(DATASET RECORDS Opens)
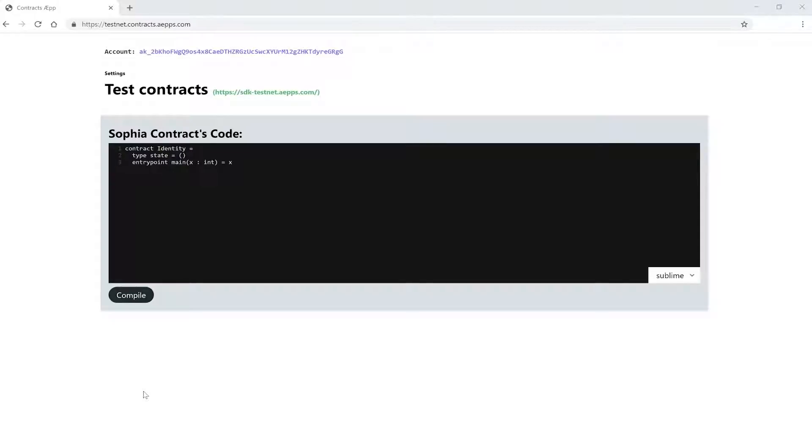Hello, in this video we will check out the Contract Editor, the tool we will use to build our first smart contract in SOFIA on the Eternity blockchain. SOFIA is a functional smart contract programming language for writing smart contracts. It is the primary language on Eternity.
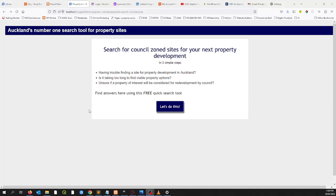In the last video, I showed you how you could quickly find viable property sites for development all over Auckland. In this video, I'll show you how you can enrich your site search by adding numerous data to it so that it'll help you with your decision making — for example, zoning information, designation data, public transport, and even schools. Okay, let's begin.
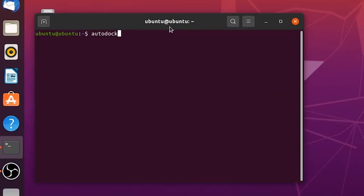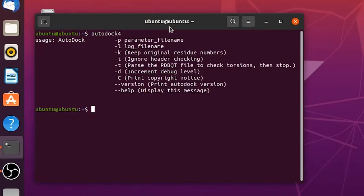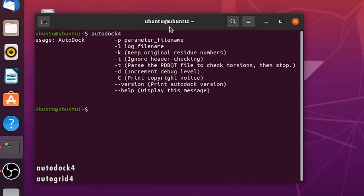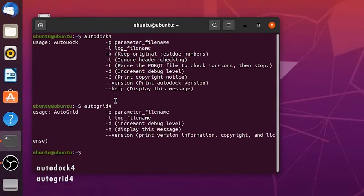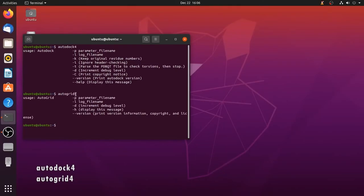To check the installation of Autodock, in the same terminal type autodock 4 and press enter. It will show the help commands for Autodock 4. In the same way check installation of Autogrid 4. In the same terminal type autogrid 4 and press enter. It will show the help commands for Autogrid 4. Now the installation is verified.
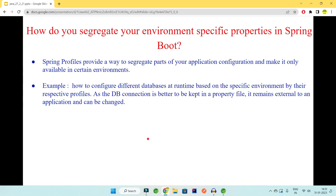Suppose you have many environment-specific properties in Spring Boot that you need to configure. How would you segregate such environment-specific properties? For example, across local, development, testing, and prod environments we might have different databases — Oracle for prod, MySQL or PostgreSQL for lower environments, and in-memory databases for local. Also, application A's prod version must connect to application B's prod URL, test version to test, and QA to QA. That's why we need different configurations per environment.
(DATASET RECORDS Closes)
(DATASET RECORDS Opens)
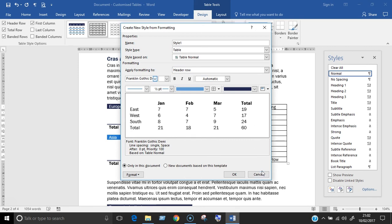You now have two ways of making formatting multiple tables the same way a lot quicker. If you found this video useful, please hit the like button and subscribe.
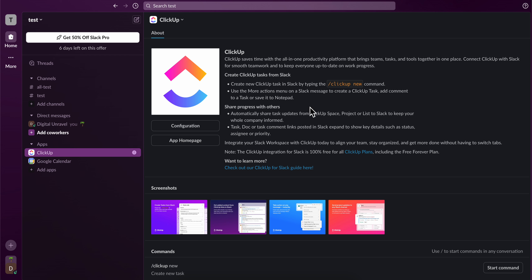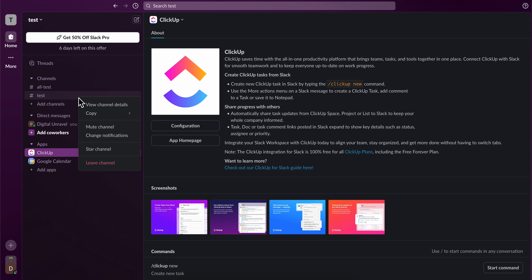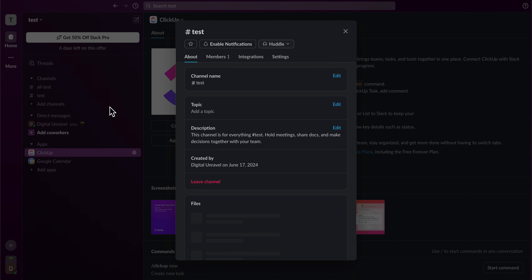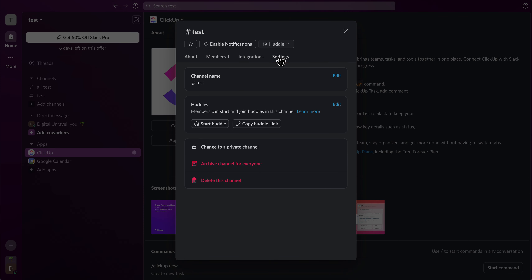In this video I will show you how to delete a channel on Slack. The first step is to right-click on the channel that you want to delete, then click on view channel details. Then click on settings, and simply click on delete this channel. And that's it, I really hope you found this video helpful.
(DATASET RECORDS Closes)
> _AIM OF THE EXERCISE_:
No picture is to be printed. Output exactly the lines above from the line containing "To check the" through the line containing "Suppose you have".

> _TASK SOLUTION_:
To check the installation of Autodock, in the same terminal type autodock 4 and press enter. It will show the help commands for Autodock 4. In the same way check installation of Autogrid 4. In the same terminal type autogrid 4 and press enter. It will show the help commands for Autogrid 4. Now the installation is verified.
Suppose you have many environment-specific properties in Spring Boot that you need to configure. How would you segregate such environment-specific properties? For example, across local, development, testing, and prod environments we might have different databases — Oracle for prod, MySQL or PostgreSQL for lower environments, and in-memory databases for local. Also, application A's prod version must connect to application B's prod URL, test version to test, and QA to QA. That's why we need different configurations per environment.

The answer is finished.